J’ai été un gros lecteur. J’étais fan de Pratt et de Corto Maltese. De temps en temps, j’achetais des albums en librairie. Et puis je me suis calmé. Dans les choses récentes, je ne suis pas à la pointe du combat mais j’ai acheté les Persépolis de Marjane Satrapi avant que ce soit des succès. Et le premier Combat ordinaire de Larcenet aussi que je trouve génial. Mais ce n’est pas très original. Quand j’étais petit, je lisais Zembla et Rahan avec passion. Andy Capp, aussi. J’étais fan de ce buveur de bière qui se faisait tabasser par sa femme. J’aime bien Guy Delisle ou Jean-Philippe Delhomme. Au-dessus de tout, il reste Maus d’Art Spiegelman. Je n’aimerais pas être à sa place. Après Maus, qui est quand même le chef-d’oeuvre absolu de la bande dessinée, qu’est-ce que vous pouvez dessiner ?

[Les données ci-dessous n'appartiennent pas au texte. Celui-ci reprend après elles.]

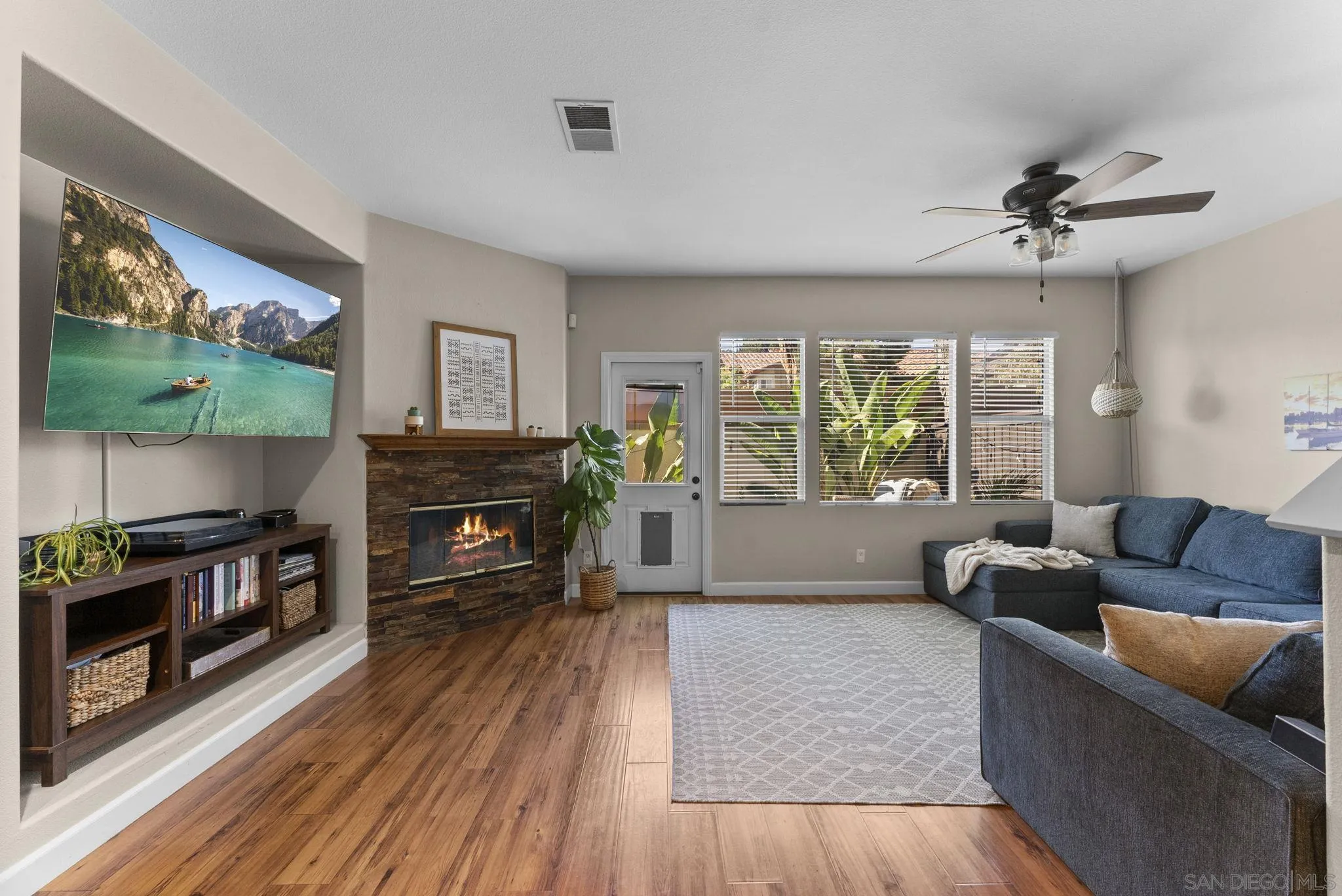 625 Sumner Way Unit 4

L’Affaire… est votre seconde incursion dans le monde de la bande dessinée, après Tout va bien (Thomas Clément au dessin). Avez-vous d’autres projets liés à la bande dessinée ?

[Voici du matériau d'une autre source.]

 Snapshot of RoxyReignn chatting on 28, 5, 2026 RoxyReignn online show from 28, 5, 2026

C’est grâce à Thomas Clément que je m’y suis remis. Je pense souvent à lui. Il est mort trop jeune. Il avait beaucoup de talent, beaucoup d’humour. On avait dix projets ensemble. C’est grâce à lui qu’est née L’Affaire des affaires. Il m’a fait rencontrer Philippe Ostermann. L’avantage c’est que Philippe connaissait mes livres et mon travail. Je n’ai pas eu à le convaincre. Je crois qu’avec cette série, on tient quelque chose d’important. On verra l’accueil du public mais j’ai envie de continuer à raconter cette histoire de cette manière-là. Il y a aussi un livre que j’aimerais adapter en bande dessinée. Il s’appelle Rue des singes de René Taesch (Florent Massot, 2007). C’est l’histoire d’une vie. Ça n’a pas été un gros succès de librairie. C’est pourtant un livre formidable, plein de rebondissements et d’humanité. La bande dessinée peut aussi servir à faire connaître des œuvres passées inaperçues. Je cherche le dessinateur…

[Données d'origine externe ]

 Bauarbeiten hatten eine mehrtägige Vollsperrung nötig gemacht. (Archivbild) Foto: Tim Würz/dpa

D’une manière plus générale, quels sont vos projets ?
Mes toiles à la Galerie W [2]. J’y suis exposé de manière permanente, avec régulièrement de nouveaux tableaux. Un album musical autour de Voleurs de foule, un slam écrit l’an passé, dont le premier titre sort en janvier. J’ai aussi trois projets de films, deux docs et une grosse fiction. Mais là, j’ai surtout un roman à finir. J’en suis à la moitié. Un an que j’y travaille. J’y retourne.
Que peut-on vous souhaiter pour 2009 ?
Une santé d’académicien ou plutôt d’Andy Capp. Malgré tous les coups qu’il buvait, et surtout ceux qu’il prenait, il est toujours resté debout et il continuait à sourire du monde qui l’entourait.